BVG und S-Bahn: Jeder zahlt, auch wenn er nicht fährt?

Bei steigenden Preisen könnte ein „Bürgerticket“ die Berliner Fahrgäste entlasten. So hat es jedenfalls die Opposition durchgerechnet. Jeder würde zahlen, egal, ob er mit der BVG fährt, oder nicht. Was halten Sie von der Idee?

Auch im nächsten Jahr sollen die Preise für Fahrten mit Bahnen und Bussen steigen. Der Verkehrsverbund Berlin-Brandenburg (VBB) ist bereits am Rechnen, wie Chefin Susanne Henckel bestätigte. Um dagegen den regelmäßigen Griff in die Geldbörsen der Fahrgäste zu vermeiden, beleben Grüne. Linke und die Piraten derzeit wieder eine alte Idee: Das Fahren zum Fast-Nulltarif, was über ein so genanntes Bürgerticket finanziert werden soll. Das heißt: Alle sollen für den Nahverkehr zahlen, egal, ob man das Angebot nutzt oder verschmäht.
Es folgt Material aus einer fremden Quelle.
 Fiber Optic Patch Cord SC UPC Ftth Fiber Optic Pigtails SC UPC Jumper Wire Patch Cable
Grüne: Monatskosten in Höhe von 15 Euro

Wer regelmäßig Bus oder Bahn fährt, käme dabei gut weg: Nach Berechnungen der Grünen wären monatlich nur noch rund 15 Euro fällig; die Linken kommen auf knapp 30 Euro. Derzeit kostet das Monatsticket für das Stadtgebiet immerhin 79,50 Euro. Allerdings würde es beim Modell der Grünen in den Hauptverkehrszeiten doch teurer: Um die Nachfrage nicht überborden zu lassen, sollen Nutzer montags bis freitags zwischen 7 Uhr und 10 Uhr extra zahlen – die Hälfte des jeweiligen Monatskartenpreises.
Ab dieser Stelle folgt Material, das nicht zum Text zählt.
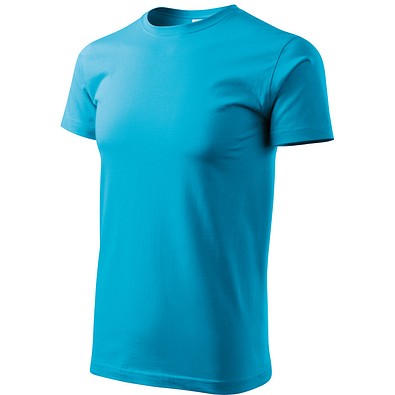 T-Shirt Herren Basic, 4XL, türkisblau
Mit dann etwa 55 Euro wären die Fahrten auch zu diesen Zeiten immer noch billiger als heute, argumentiert der verkehrspolitische Sprecher der Grünen, Stefan Gelbhaar. Auch Pendler und Touristen müssten bei diesen Modellen weiter ihre Fahrten zahlen. Damit bliebe – anders als beim früher diskutierten Nulltarif für alle – der Kostenblock für den Fahrscheinverkauf am Automat oder Schalter weitgehend erhalten. Auch auf Kontrolleure könnte nicht verzichtet werden.

Unklar ist, wie der Betrag, den alle Berliner zahlen müssten, eingezogen werden soll. Es gebe mehrere Varianten, sagte Gelbhaar. Vorstellbar ist für die Initiatoren eine Lösung wie bei der Haushaltsabgabe für Radio- und Fernsehgeräte. Aber auch der Weg über das Finanzamt kommt demnach in Frage. Ob die Zwangsabgabe für den Nahverkehr rechtlich möglich ist, ist umstritten. Die Befürworter verweisen auf das Semesterticket für Studenten, die bei der Rückmeldung einen Beitrag für den Nahverkehr entrichten müssen. Allerdings gab es dafür in Urabstimmungen zuvor eine Mehrheit. Ob es beim „Bürgerticket“ eine Abstimmung geben würde, sei noch in der Diskussion, sagte Gelbhaar. Er ist dafür.

Auf den Straßen soll es so leerer werden

Und wer weiter Auto fahre, habe auch etwas vom „Bürgerticket“, weil es wegen der Umsteiger weniger Verkehr auf den Straßen gebe, sagen die Befürworter. Bei den bisherigen Kalkulationen ersetzen die Erlöse aus dem „Bürgerticket“ aber nur die Einnahmen aus dem Verkauf von Fahrscheinen. Die Kosten für die Infrastruktur sind nicht enthalten. Sie werden bisher zum größten Teil von der öffentlichen Hand aufgebracht – und damit von allen Steuerzahlern. Schon jetzt reicht das Geld nicht aus. Allein die BVG hat bis 2020 einen Mehrbedarf um durchschnittlich 100 Millionen Euro ermittelt.

Würde bei einem „Bürgerticket“ die Zahl der Fahrgäste, wie erwartet, erheblich steigen, müssten auch die Investitionen in neue Fahrzeuge und den Netzausbau zunehmen. Die Finanzierung durch den Bund ist aber derzeit nur bis 2019 gesichert. Würden auch die Infrastrukturausgaben über das „Bürgerticket“ finanziert, müsste dessen Preis deutlich steigen. Die Linken-Abgeordnete Jutta Matuschek wirft ihren Genossen vor, deren Modell blende die Investitionskosten aus. Dadurch provoziere man die Finanzminister, das zusätzlich benötigte Geld gleich beim Bürger einzusammeln.

SPD: Die Rechnung geht nicht auf

Auch VBB-Chefin Susanne Henckel sieht das „Bürgerticket“ skeptisch. „Die Leistung muss vom Nutzer bezahlt werden“, sagte sie dem Tagesspiegel. Der verkehrspolitische Sprecher der SPD, Ole Kreins, befürchtet sogar, dass das „Bürgerticket“ drastisch mehr kosten würde als derzeit angegeben wird. Bei einer Finanzierung über eine Steuer oder einen von allen Berlinern aufzubringenden Beitrag würden die bisherigen Haushaltsmittel für subventionierte Fahrkarten entfallen und müssten über das „Bürgerticket“ mitfinanziert werden, sagte er. Dies alles sei noch nicht durchgerechnet.